===== Provided information =====
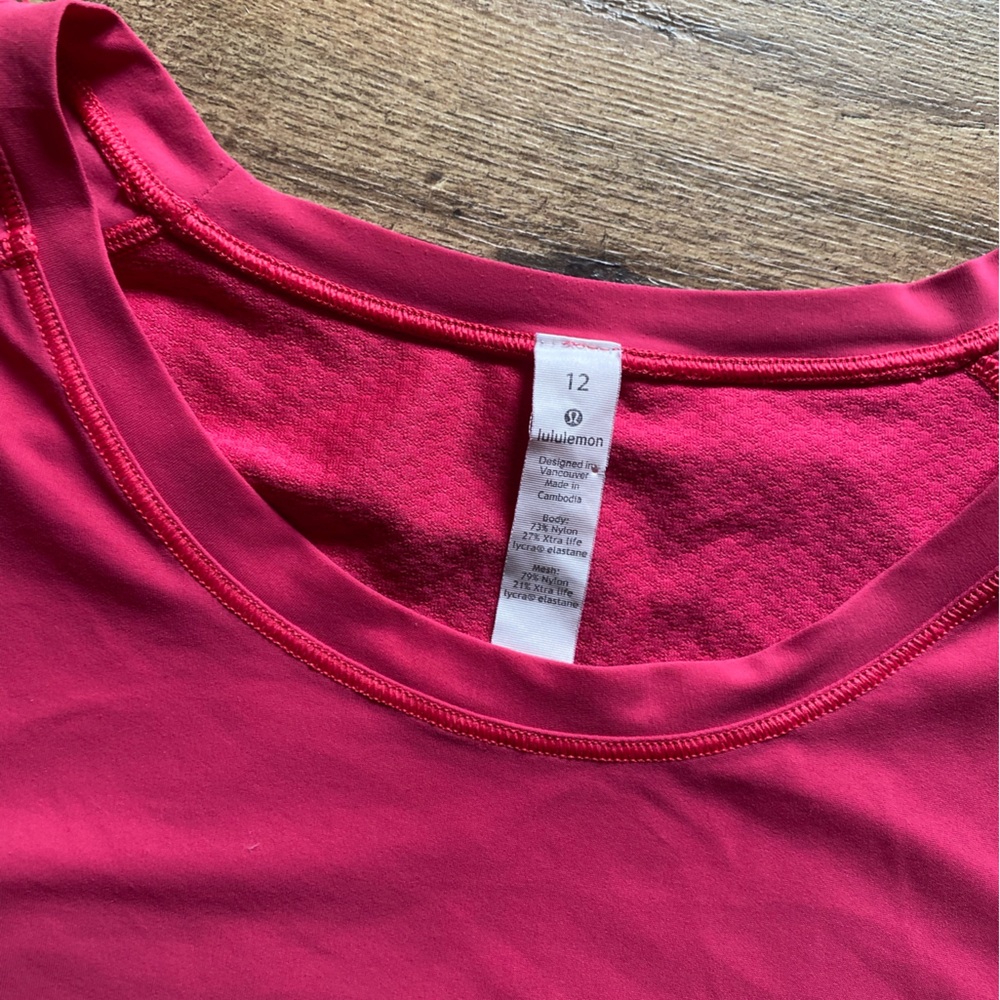 Lululemon Quick Pace Short Sleeve
Fuchsia Pink Size 12 - Picture 4 of 5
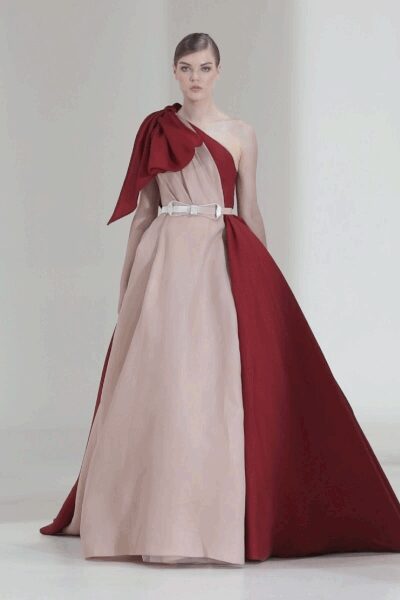 One-shouldered blush column gown split by a oxblood panel and train. Oversized oxblood bow collapsing over one shoulder in crisp folds. Slim white belt, squared buckle catching the waist high. For arriving first at a winter wedding in an echoing civic hall.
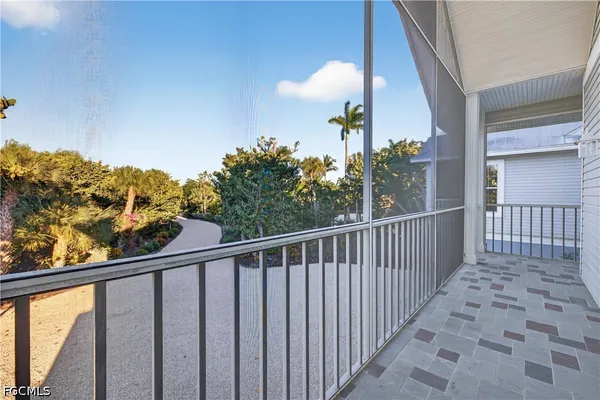 a view of a balcony with window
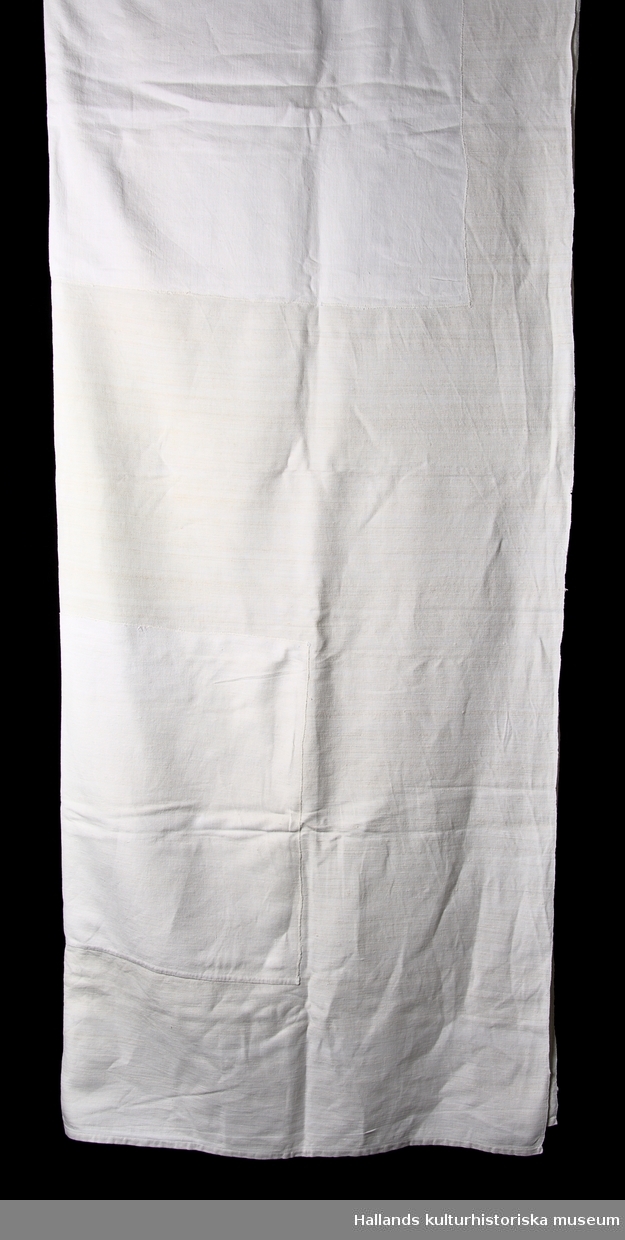 Lakan - alternativt sängöverkast - av grovt vitfärgat linne. Överkastet har lagningar bestående av två rektangulära lappningar.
=====
● Task description
Skipping the pictures, transcribe each line above exactly as it appears.

● Response to this exercise
 Lululemon Quick Pace Short Sleeve
Fuchsia Pink Size 12 - Picture 4 of 5
 One-shouldered blush column gown split by a oxblood panel and train. Oversized oxblood bow collapsing over one shoulder in crisp folds. Slim white belt, squared buckle catching the waist high. For arriving first at a winter wedding in an echoing civic hall.
 a view of a balcony with window
 Lakan - alternativt sängöverkast - av grovt vitfärgat linne. Överkastet har lagningar bestående av två rektangulära lappningar.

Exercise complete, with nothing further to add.